▸ WHAT YOU WILL DO
Copy out nothing but the line containing "The Flowerfall - Florists" and the lines that follow it to the end of the entries, exactly as they stand.

-- DATASET RECORDS follows --

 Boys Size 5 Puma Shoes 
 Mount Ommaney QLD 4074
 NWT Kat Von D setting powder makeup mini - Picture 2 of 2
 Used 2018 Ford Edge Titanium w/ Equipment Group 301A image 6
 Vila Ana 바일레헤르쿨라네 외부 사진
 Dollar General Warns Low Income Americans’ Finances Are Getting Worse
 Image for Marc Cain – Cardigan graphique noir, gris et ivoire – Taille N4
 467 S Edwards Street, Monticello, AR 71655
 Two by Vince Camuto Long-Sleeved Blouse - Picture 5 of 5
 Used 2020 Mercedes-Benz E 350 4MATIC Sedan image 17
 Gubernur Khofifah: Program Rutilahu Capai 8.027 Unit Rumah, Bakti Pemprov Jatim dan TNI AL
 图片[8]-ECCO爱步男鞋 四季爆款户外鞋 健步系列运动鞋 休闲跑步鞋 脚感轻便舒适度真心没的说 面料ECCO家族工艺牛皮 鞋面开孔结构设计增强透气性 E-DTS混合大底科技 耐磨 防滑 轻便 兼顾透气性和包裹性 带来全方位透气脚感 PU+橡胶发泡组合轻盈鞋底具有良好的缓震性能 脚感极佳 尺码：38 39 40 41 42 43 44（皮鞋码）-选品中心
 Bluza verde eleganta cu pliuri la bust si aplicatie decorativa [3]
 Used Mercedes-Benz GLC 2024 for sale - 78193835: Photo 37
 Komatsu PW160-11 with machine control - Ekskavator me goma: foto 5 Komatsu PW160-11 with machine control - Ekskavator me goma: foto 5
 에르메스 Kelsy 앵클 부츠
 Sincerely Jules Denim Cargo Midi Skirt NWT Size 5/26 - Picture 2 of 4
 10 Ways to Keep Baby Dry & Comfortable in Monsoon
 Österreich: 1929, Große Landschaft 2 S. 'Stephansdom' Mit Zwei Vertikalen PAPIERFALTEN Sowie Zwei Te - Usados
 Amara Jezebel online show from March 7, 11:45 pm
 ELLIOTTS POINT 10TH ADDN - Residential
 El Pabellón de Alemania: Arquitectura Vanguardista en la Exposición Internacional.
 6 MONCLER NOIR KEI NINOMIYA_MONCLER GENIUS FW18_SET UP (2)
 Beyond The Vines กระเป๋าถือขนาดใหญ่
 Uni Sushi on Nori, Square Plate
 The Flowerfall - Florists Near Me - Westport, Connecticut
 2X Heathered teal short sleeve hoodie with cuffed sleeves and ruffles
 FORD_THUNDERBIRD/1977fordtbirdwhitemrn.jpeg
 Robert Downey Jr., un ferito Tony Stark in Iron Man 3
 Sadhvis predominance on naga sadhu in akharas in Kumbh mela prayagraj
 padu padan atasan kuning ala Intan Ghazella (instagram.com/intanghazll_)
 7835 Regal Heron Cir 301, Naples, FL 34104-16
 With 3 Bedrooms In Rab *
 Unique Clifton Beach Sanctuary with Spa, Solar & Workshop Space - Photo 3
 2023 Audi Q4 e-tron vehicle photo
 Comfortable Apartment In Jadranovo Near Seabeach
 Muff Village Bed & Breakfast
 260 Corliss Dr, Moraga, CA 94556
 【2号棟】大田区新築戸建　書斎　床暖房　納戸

-- DATASET RECORDS concluded --

▸ THE ANSWER
 The Flowerfall - Florists Near Me - Westport, Connecticut
 2X Heathered teal short sleeve hoodie with cuffed sleeves and ruffles
 FORD_THUNDERBIRD/1977fordtbirdwhitemrn.jpeg
 Robert Downey Jr., un ferito Tony Stark in Iron Man 3
 Sadhvis predominance on naga sadhu in akharas in Kumbh mela prayagraj
 padu padan atasan kuning ala Intan Ghazella (instagram.com/intanghazll_)
 7835 Regal Heron Cir 301, Naples, FL 34104-16
 With 3 Bedrooms In Rab *
 Unique Clifton Beach Sanctuary with Spa, Solar & Workshop Space - Photo 3
 2023 Audi Q4 e-tron vehicle photo
 Comfortable Apartment In Jadranovo Near Seabeach
 Muff Village Bed & Breakfast
 260 Corliss Dr, Moraga, CA 94556
 【2号棟】大田区新築戸建　書斎　床暖房　納戸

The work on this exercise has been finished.